> [What you will do] Where does the string "Photo" appear? Copy every line of the entries below that holds it.

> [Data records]
##############################

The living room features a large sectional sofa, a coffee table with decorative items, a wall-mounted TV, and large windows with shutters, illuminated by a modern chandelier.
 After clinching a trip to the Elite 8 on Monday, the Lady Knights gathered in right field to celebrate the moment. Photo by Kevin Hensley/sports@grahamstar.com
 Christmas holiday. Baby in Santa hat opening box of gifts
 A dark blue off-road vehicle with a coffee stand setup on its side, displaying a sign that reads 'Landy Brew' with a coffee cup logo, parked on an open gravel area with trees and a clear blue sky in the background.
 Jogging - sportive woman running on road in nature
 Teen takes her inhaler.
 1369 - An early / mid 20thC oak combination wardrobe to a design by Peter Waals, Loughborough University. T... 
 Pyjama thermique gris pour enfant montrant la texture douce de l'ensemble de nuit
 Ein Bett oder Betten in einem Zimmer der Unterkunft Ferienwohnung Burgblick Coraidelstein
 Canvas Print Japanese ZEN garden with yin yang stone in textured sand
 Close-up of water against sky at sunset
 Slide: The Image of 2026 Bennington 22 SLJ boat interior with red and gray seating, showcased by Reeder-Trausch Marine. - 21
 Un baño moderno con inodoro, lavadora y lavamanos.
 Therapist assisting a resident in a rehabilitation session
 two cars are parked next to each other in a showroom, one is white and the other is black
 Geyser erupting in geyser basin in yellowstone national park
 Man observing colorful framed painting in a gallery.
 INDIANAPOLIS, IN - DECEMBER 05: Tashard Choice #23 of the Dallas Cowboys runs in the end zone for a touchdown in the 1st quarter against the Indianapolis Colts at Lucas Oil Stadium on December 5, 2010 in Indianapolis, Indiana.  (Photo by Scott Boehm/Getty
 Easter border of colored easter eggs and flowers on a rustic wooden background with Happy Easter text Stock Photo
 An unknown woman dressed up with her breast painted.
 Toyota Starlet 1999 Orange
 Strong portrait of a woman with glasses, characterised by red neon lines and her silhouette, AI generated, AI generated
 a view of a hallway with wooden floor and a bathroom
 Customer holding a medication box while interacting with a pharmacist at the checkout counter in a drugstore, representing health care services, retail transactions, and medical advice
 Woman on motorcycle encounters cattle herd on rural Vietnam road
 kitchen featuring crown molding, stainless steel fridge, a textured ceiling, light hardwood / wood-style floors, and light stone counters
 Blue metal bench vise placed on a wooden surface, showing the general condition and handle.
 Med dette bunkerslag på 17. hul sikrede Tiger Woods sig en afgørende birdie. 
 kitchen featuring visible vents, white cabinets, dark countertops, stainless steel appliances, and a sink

##############################

> [Result below]
 After clinching a trip to the Elite 8 on Monday, the Lady Knights gathered in right field to celebrate the moment. Photo by Kevin Hensley/sports@grahamstar.com
 INDIANAPOLIS, IN - DECEMBER 05: Tashard Choice #23 of the Dallas Cowboys runs in the end zone for a touchdown in the 1st quarter against the Indianapolis Colts at Lucas Oil Stadium on December 5, 2010 in Indianapolis, Indiana.  (Photo by Scott Boehm/Getty
 Easter border of colored easter eggs and flowers on a rustic wooden background with Happy Easter text Stock Photo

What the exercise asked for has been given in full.